The most common migration experience at all times in the past was movement either within a settlement or to a place in the same size category (Table 1). Overall such moves accounted for around two thirds of all movement, with the relative significance of very short-distance intra-settlement movement increasing in the nineteenth century but falling again in the twentieth. The one third of moves that took migrants either up or down the urban hierarchy to settlements in a different size

category were, overall, almost equally divided between moves to larger and smaller places. Over time the relative importance of moves both up and down the urban

hierarchy increased, but the relationship between the two changed with an excess of moves to larger places until 1880, an approximate balance in the period 1880 to 1919, and an excess of moves down the urban hierarchy after 1920 (Table 1). The proportion of all migrants who ever experienced a move down the urban hierarchy also increased substantially from 28 6 per cent for those born 1750 to 1819, to 70 3 per cent for the cohort born 1890 to 1930. These figures thus imply that some counterurbanization was occurring in the eighteenth century (although it was

demographically less important than moves to larger places), that by the late nineteenth century moves up and down the urban hierarchy were equally matched, and that movement from large to small places was the dominant trend after 1920.

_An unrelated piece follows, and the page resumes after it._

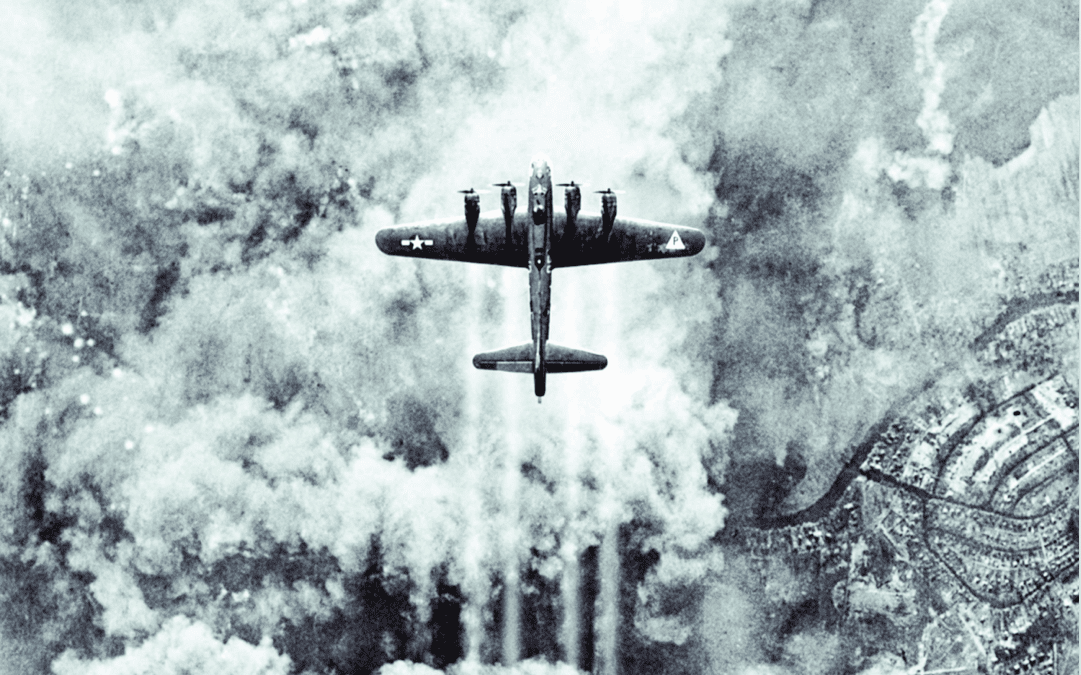 contrails d'un avion de la seconde guerre mondiale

A more detailed examination of these data by size of origin settlement confirms these trends, and shows that most counterurbanizing moves from large places were not to towns in an adjacent size category, but were mainly to small settlements of under 5,000 population (Table 2a). In contrast, movement up the urban hierarchy from places under 5,000 population was quite evenly split between those that moved to a town only a little larger, and those who went directly to a large city of over 100,000 population (Table 2b). Excluding settlements of under 5,000 population and

London (from which migrants must have moved respectively to either a larger or smaller size category), migrants leaving towns in the other seven size categories were

much more likely to move to a smaller than to a larger place (Table 3). The pattern of such moves is obviously related to the distribution of urban settlements in different size classes (with there being far more small towns in the earlier time periods (Robson 1973)), but the overall trend is stable.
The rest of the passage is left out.